*PROBLEM TO SOLVE:* Only an exact copy is wanted: the lines from the one holding "MN license plate 992NOF" through the last line below, minus the pictures.

*EXTRACTED INFORMATION:*
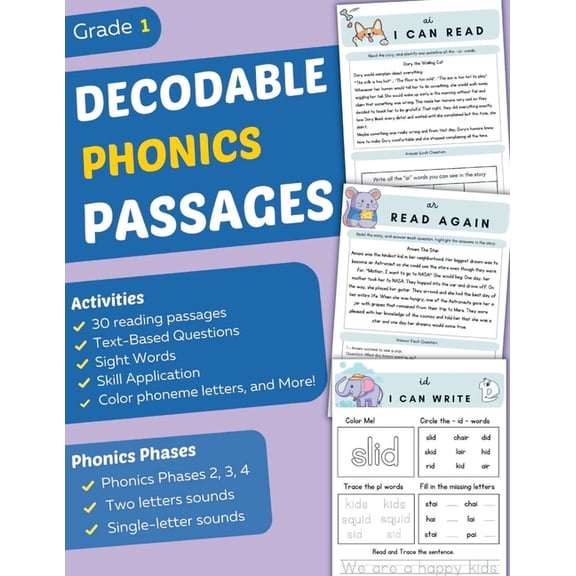 Decodable Phonics Passages Grade 1: Improve Reading and Comprehension Skills for Kids, Decodable Texts and Dyslexia Acti, (Paperback)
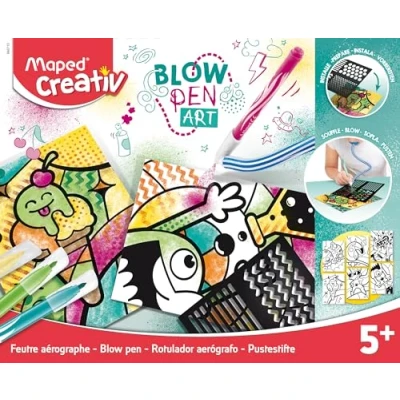 Immagine di Maped CREATIV 846715 Set di 14 penne a forma dente leone Pop Art con spray e modelli da colorare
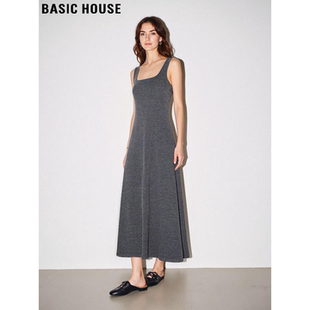 House 打底无袖 百家好灰色背心裙女2026春季 长款 连衣裙 新款 Basic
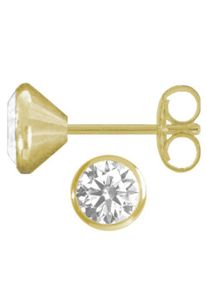 Firetti, Damen Ohrstecker Ø ca. 5,5 mm mit Zirkonia, Gold / Weiß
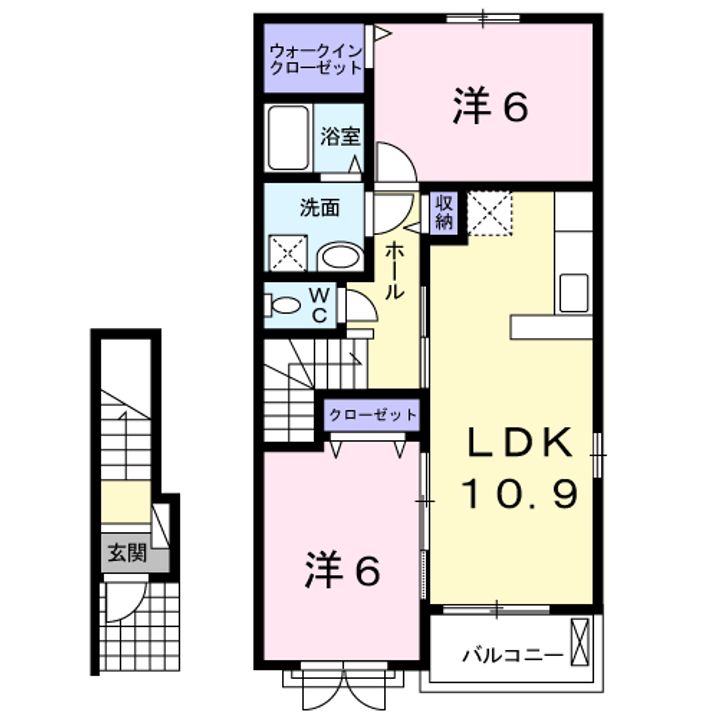 グランパール延方Ⅲの間取り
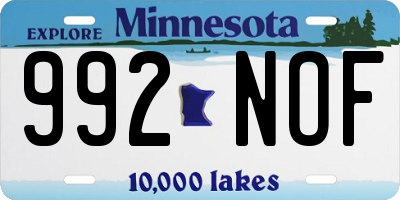 MN license plate 992NOF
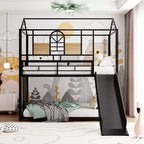 Twin Over Twin Bunk Bed & Housebed, Metal Bed Frame with Slide and Guard Rail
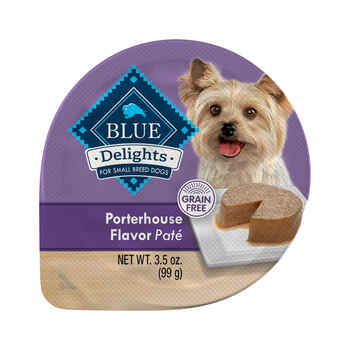 Blue Buffalo BLUE Delights Small Breed Adult Filet Mignon & Porterhouse Pate Wet Dog Food Variety Pack 3.5 oz Trays - Pack of 12
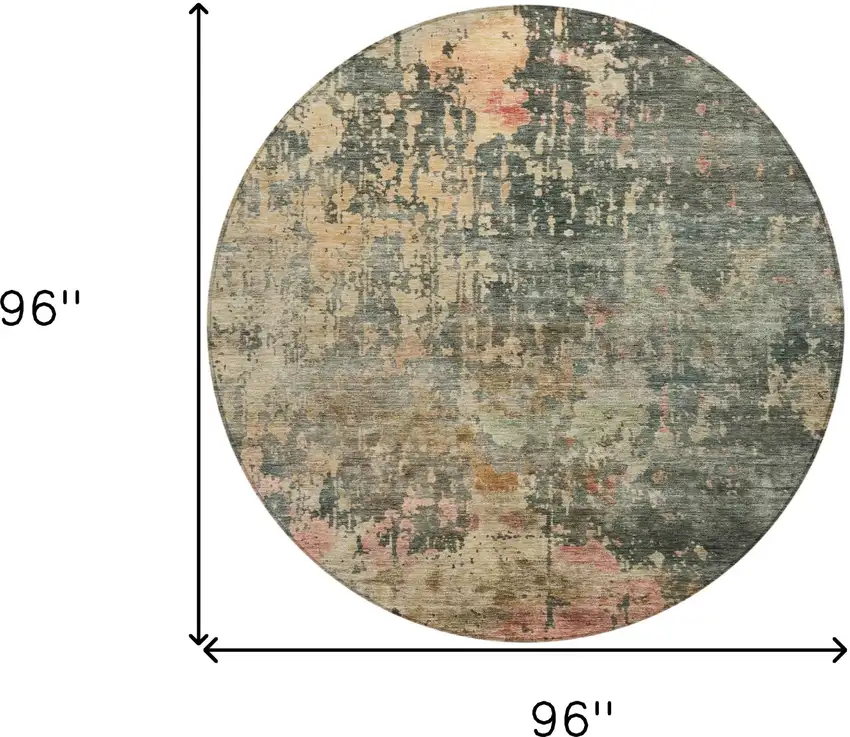 8' Sage Gray And Pink Round Abstract Washable Indoor Outdoor Area Rug Photo 3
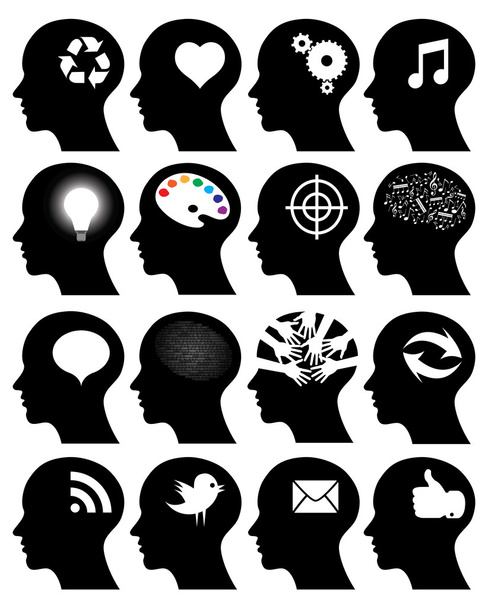σύνολο των 16 εικονίδια κεφάλι με σύμβολα ιδέα - Διάνυσμα, εικόνα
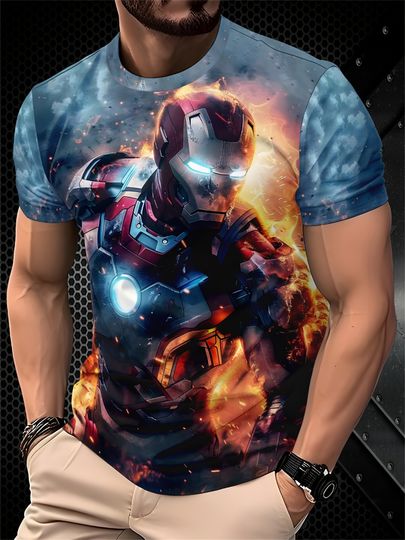 Marvel Men's Fashion Short-Sleeve T-Shirt 3D Print Iron Man Deadpool Captain America Spider-Man Superhero Fans T shirt
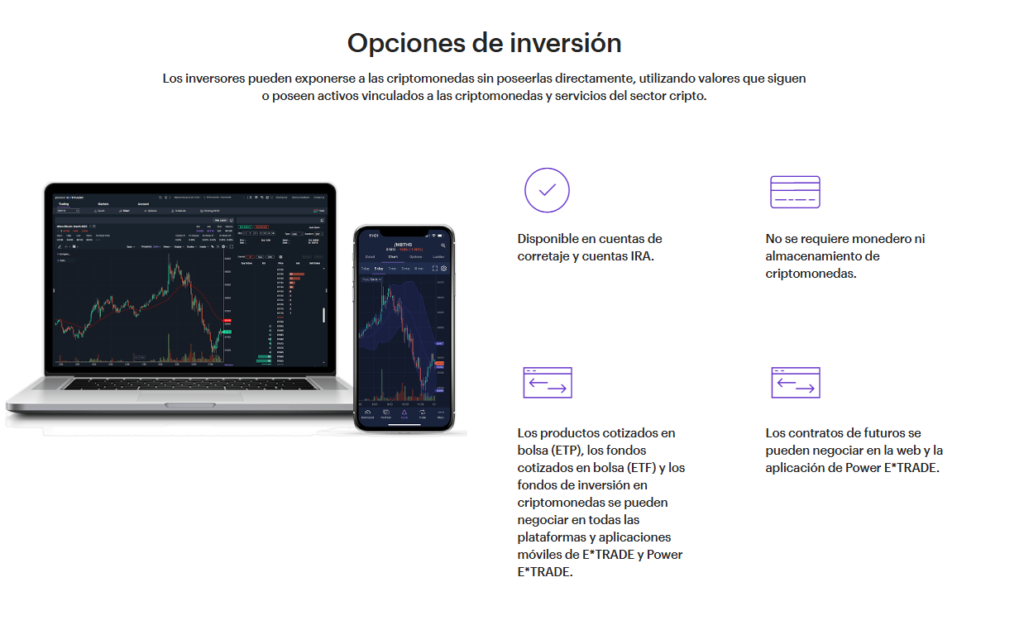 Screenshot of Morgan Stanley's E*Trade platform, showing the availability of cryptocurrencies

*ANSWER BOX:*
 MN license plate 992NOF
 Twin Over Twin Bunk Bed & Housebed, Metal Bed Frame with Slide and Guard Rail
 Blue Buffalo BLUE Delights Small Breed Adult Filet Mignon & Porterhouse Pate Wet Dog Food Variety Pack 3.5 oz Trays - Pack of 12
 8' Sage Gray And Pink Round Abstract Washable Indoor Outdoor Area Rug Photo 3
σύνολο των 16 εικονίδια κεφάλι με σύμβολα ιδέα - Διάνυσμα, εικόνα
 Marvel Men's Fashion Short-Sleeve T-Shirt 3D Print Iron Man Deadpool Captain America Spider-Man Superhero Fans T shirt
 Screenshot of Morgan Stanley's E*Trade platform, showing the availability of cryptocurrencies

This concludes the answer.